The Great Game

It is not to belittle Surrealist activity — as it has unfolded from 1924 to the present day — to consider it as a game, in fact as The Great Game, whose prizes in the eyes of those who played and lived it, can be calculated in promises of freedom, love, revolution, and in anything else that intransigent desire can aspire to.

— Philippe Audouin

A Surprisingly Simple Game of Chance

hibiscus signed

— photograph by Michelle Tennison

 

How to play The Question and Answer Game:*

 

A question is written down and the paper folded to conceal it. Another player writes an answer without reading the question.
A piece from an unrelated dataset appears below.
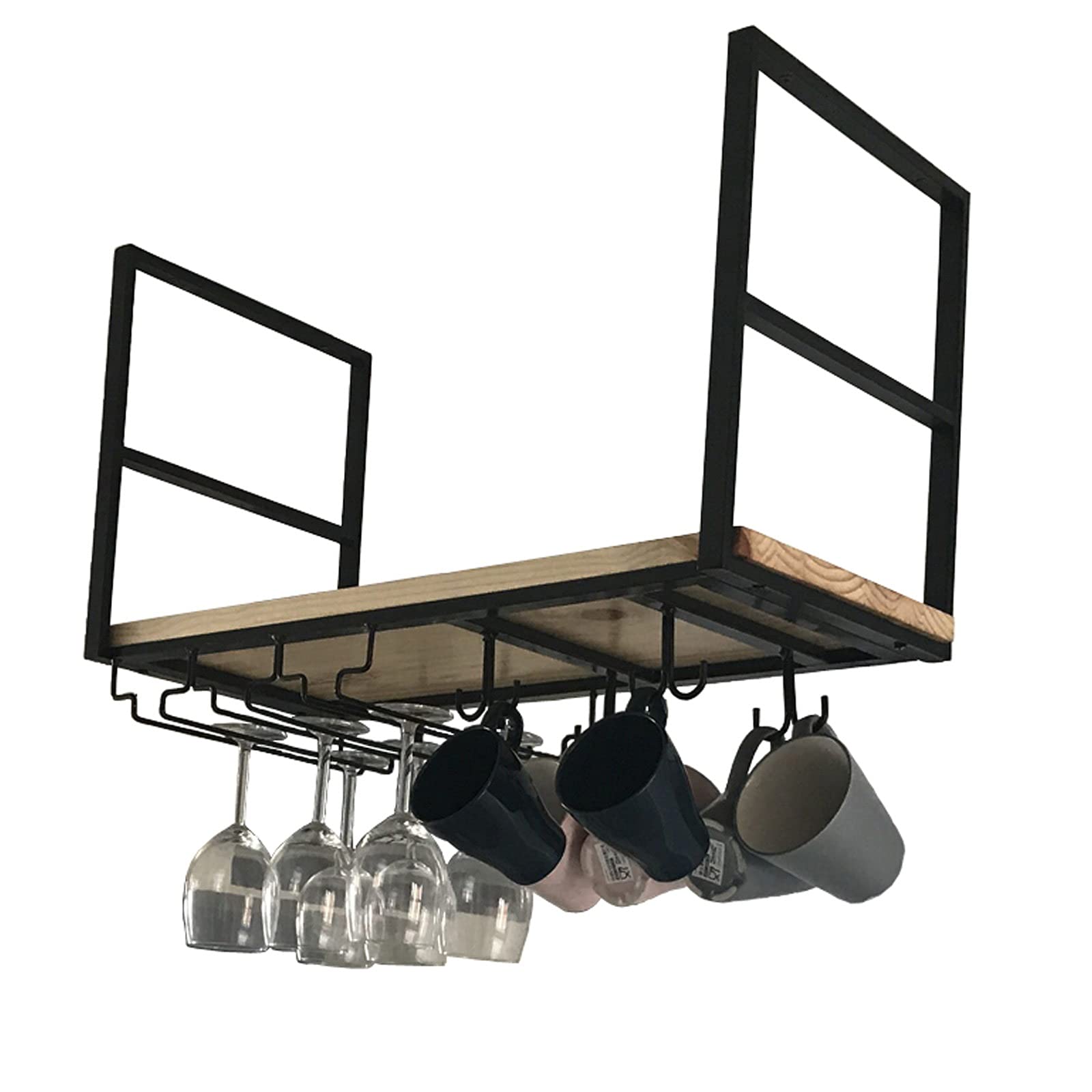 Support de stockage de vin suspendu pour verres à pied chic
The paper is unfolded to reveal the results.

 

What is a dream?
          one note
         of
          Mozart

Question Dietmar Tauchner,  Answer Michelle Tennison (2017)

 

 

*(Also known as “Definitions”) as found in The Book of Surrealist Games, Shambala Redstone editions, Boston, 1993.

 

“The surreal is but reality that has not been disconnected from its mystery.” — Rene Magritte

Version 5
Music Coming from the Missing Pages,  Michelle Tennison

 

What do I absorb from the sun and stars?
          My mother’s voice 

Question Mary Ellen Binkele,  Answer Michelle Tennison (2014)

 

“Poetry should be made by all.” — Lautreamont

Many of the French surrealists of the early 20th Century were poets.
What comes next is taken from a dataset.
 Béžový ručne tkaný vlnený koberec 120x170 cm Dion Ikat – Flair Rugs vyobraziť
Maybe that’s why this game they invented (which is so easy to play) has a lot in common with exceptional poetry.  At times it hits home with an epiphanic jolt and even an aesthetic rush …  and it’s full of metaphors, which Aristotle considered the mark of genius.*

The fact that we’re playing a game and we laugh a lot more than we usually do with poetry is a just a nice bonus.

 

*The greatest thing by far,” said Aristotle in the Poetics (330 BC), “is to have a command of metaphor. This alone cannot be imparted by another; it is the mark of genius, for to make good metaphors implies an eye for resemblance.”

 

“The ability to perceive or think differently is more important than the knowledge gained.” — David Bohm

Version 6

Dormez Vous,  Michelle Tennison*

 

 


what is your

still, small voice
saying?
          That which is overheard while in a coma

Question Sabine Miller,  Answer Michelle Tennison (2015)

 

*The bee must have spent the night on this cosmos flower. It awoke about a half hour after this photo was taken.